Gender theory, say Moss and Baden, has provided much of the intellectual foundations for “LGBTQIA advocacy,” something the Pope cannot even pronounce.
They are, therefore, appalled that Francis labeled conditional school funding tied to a requirement of a curriculum espousing gender theory as “ideological colonization,” and especially that he noted that “the same was done by the dictators of the last century. … Think of Hitler Youth.”
In a fascinating display of academic bravado, the two authors then decide to school Francis on his use of biblical references. The Genesis story of Creation, the authors contend, with Eve being formed from Adam’s rib, “has given rise to millennia of female subordination.” Moreover, they suggest, it is wrong. Against popular belief to the contrary, in the beginning, there were no males or females at all, just sexless “androgynes.”
Now, this may sound like so much plonk were it not for the fact that Moss and Baden are serious academics; that is, they are academics who take themselves seriously. So they did what most serious academics of their ilk would do. They scoured the historical record to see if some other thoughtful person would back up their intriguing, if unlikely, theory.
Moss and Baden found their compliant patron in the ancient Jewish philosopher Philo, who “declared that the first human creation was not two individuals, ‘male and female,’ but one individual, ‘neither male nor female.’”
As Dave Barry would say, “I am not making this up.”
Furthermore, they state, in “the writings of the rabbis of the early first millennium CE [sic], we read: ‘At the time that God created the first human, he created him as an androgyne.’” There it is, folks. But in case anyone still has doubts, the authors also declare that “some Gnostic Christian texts” say the same thing.
The authors think that with this astonishingly vast testimony of acknowledged sages, they have successfully shown Pope Francis—and other benighted souls who still cling to a male-female distinction—to be woefully mistaken.
Francis’ “natural order of creation,” they tell us, is “not necessarily so.” It is, rather, “a product of a particular culturally-bound reading of the biblical text.” No matter that it is also the consistent reading of the text that has been embraced by orthodox Jews and Christians for the past two millennia. It must be wrong. Philo says so.
Along with getting gender wrong, the authors tell us, “Pope Francis consistently sells women down the river.” Never mind that he has tripled the presence of women theologians on the prestigious international theological commission. Never mind that in the Philippines, he publicly complained that there were not more women present. Never mind that he has consistently lifted up women as the primary evangelizers, responsible for passing on the faith to future generations. None of this matters. “Even if Francis were a closet liberal, he’s a liberal who ranks women’s interests at the bottom of his list of priorities,” assert Moss and Baden, no doubt paraphrasing Philo.

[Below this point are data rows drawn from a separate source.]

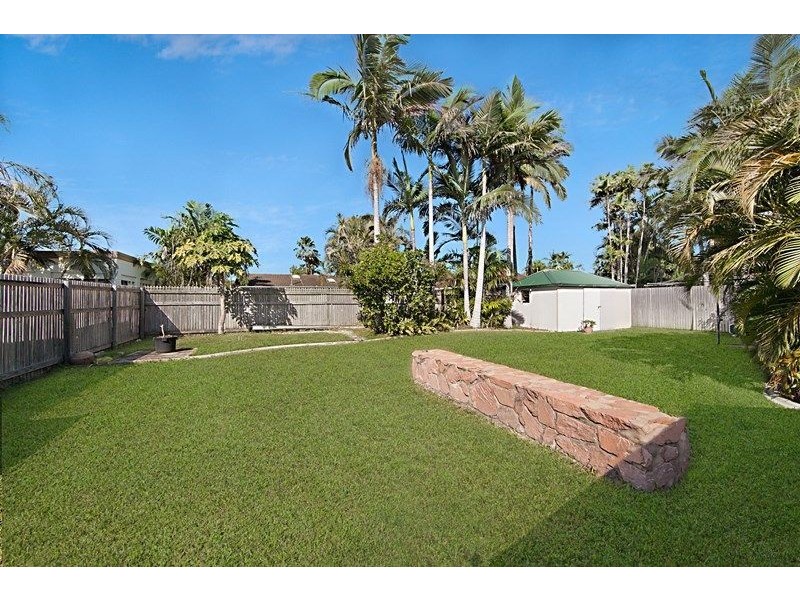 8 Willow Court, Kirwan QLD 4817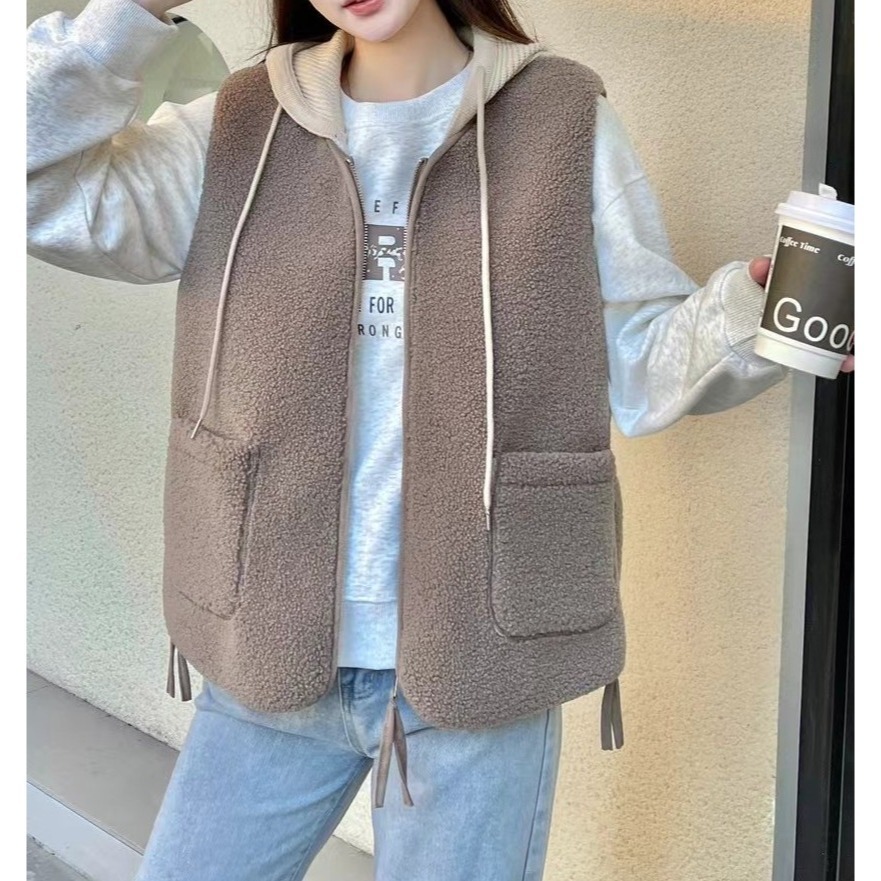 S.C優衣館 新款 可拆帽 羊羔毛 口袋背心 拉鍊 口袋 超好搭 保暖 修飾 側拉鍊 背心 外套 可愛風 現貨 女裝-細節圖2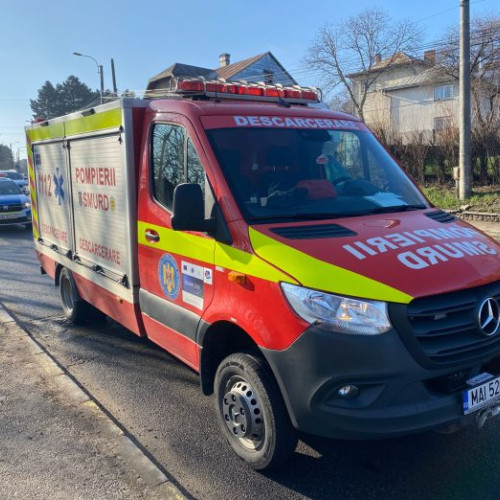 Autoritățile au descoperit un bărbat decedat și ars în propria curte, fără unul din brațe. Vecina șocată a anunțat incidentul la 112.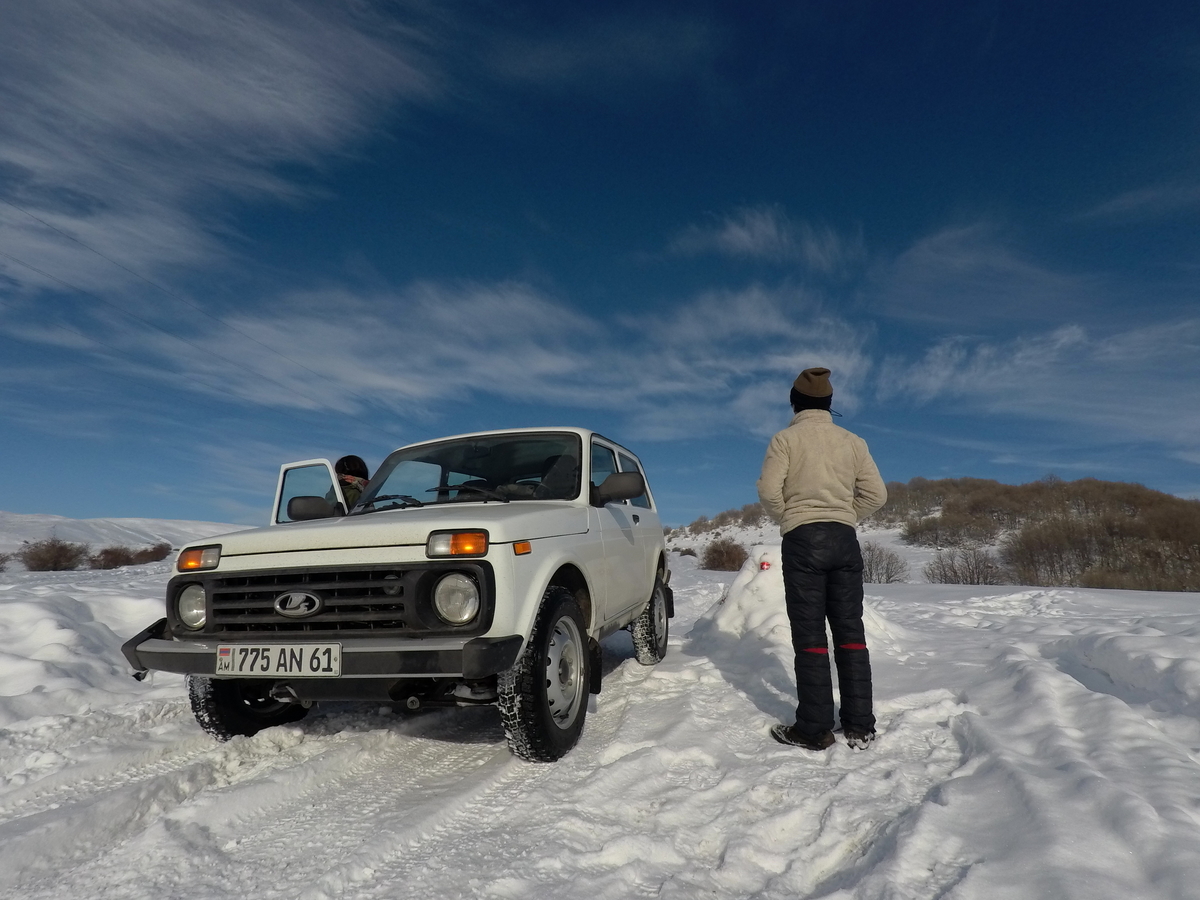 ロシア車のラーダ ニーヴァ Lada Niva をレンタカー In アルメニア シカ男の旅 情熱五大陸登山 ロシア車のラーダ ニーヴァ Lada Niva をレンタカー In アルメニア シカ男の旅 情熱五大陸登山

In the end, Francis is guilty of “recycling centuries of misogyny,” the authors say. Moreover, if we take his position on gender theory seriously, “then we give up certain kinds of gender equality, as well as the possibility of creating a fully welcoming environment for same-sex couples or trans-individuals.”
Candida Moss teaches at the University of Notre Dame, a Catholic university. She has made a career out of biting the hand that feeds her, rejecting Catholic tradition whenever it rears its ugly head. In so doing she has become a darling of the semi-skilled knowledge class.
“Women have much to say in today’s society,” said Pope Francis last month. “Sometimes we act macho and we do not allow women to express themselves. Women are able to see things with special eyes.”
Yet for Moss and Baden, to oppose “LGBTQIA advocacy” is to be a misogynist. Perhaps that is something only an androgyne could understand.